Collected material:
*** Begin section ***

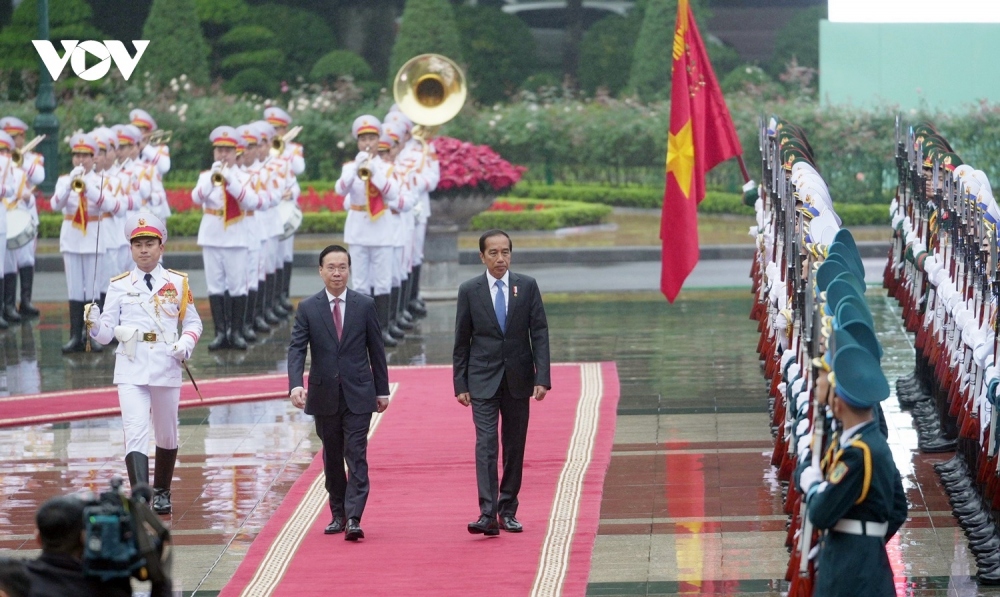 Toàn cảnh lễ đón Tổng thống Indonesia thăm cấp Nhà nước tới Việt Nam- Ảnh 3.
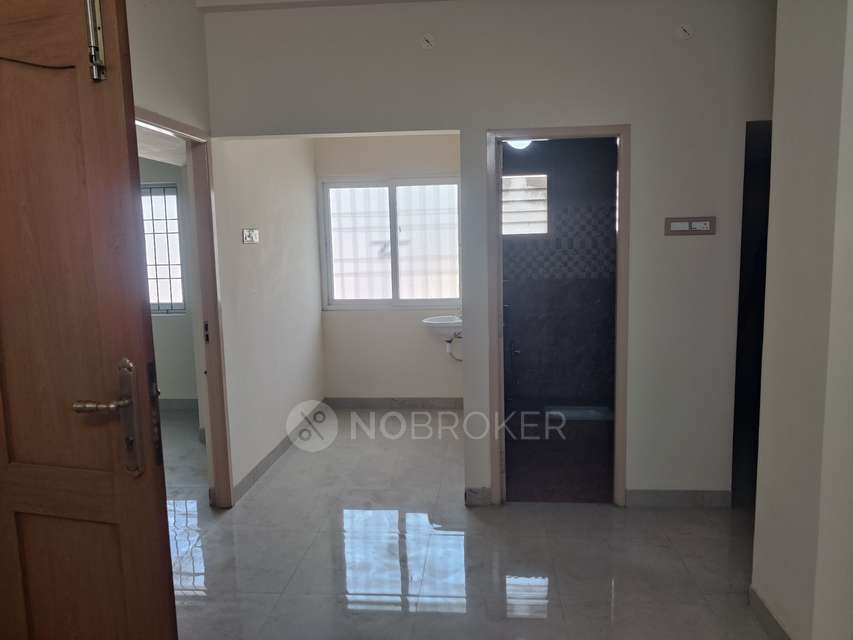 2 BHK Flat In Ellis Court For Sale  In Mount Road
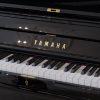 Yamaha SU7 Upright - Keyboard
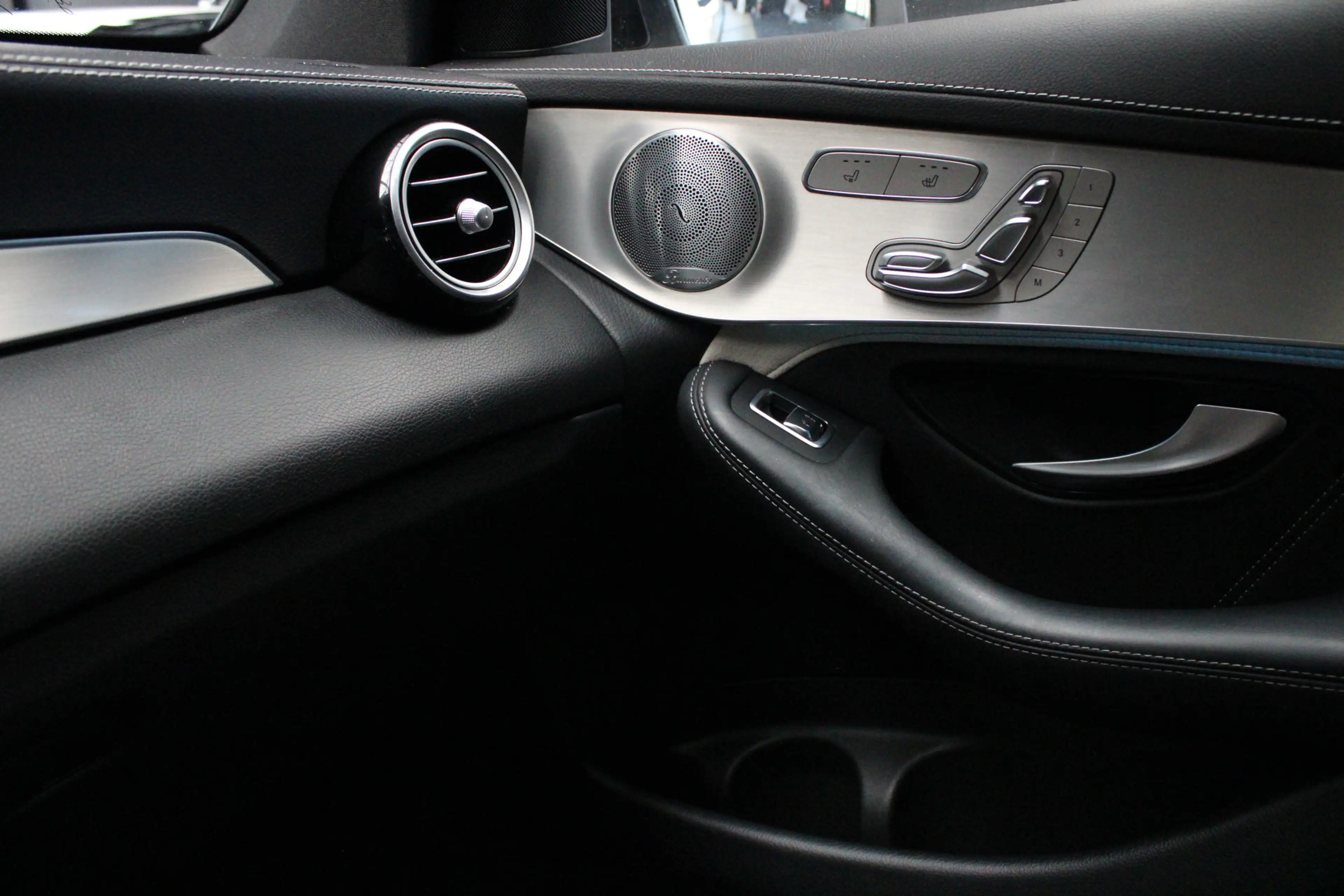Mercedes-Benz GLC 63 AMG Coupé S 4MATIC+ Edition 1 - Keramische schijven - — photo 33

*** End section ***

What the task asks:
Only the words belong in your copy: restate the data above exactly and leave the images out.

Solution to the exercise:
 Toàn cảnh lễ đón Tổng thống Indonesia thăm cấp Nhà nước tới Việt Nam- Ảnh 3.
 2 BHK Flat In Ellis Court For Sale  In Mount Road
 Yamaha SU7 Upright - Keyboard
Mercedes-Benz GLC 63 AMG Coupé S 4MATIC+ Edition 1 - Keramische schijven - — photo 33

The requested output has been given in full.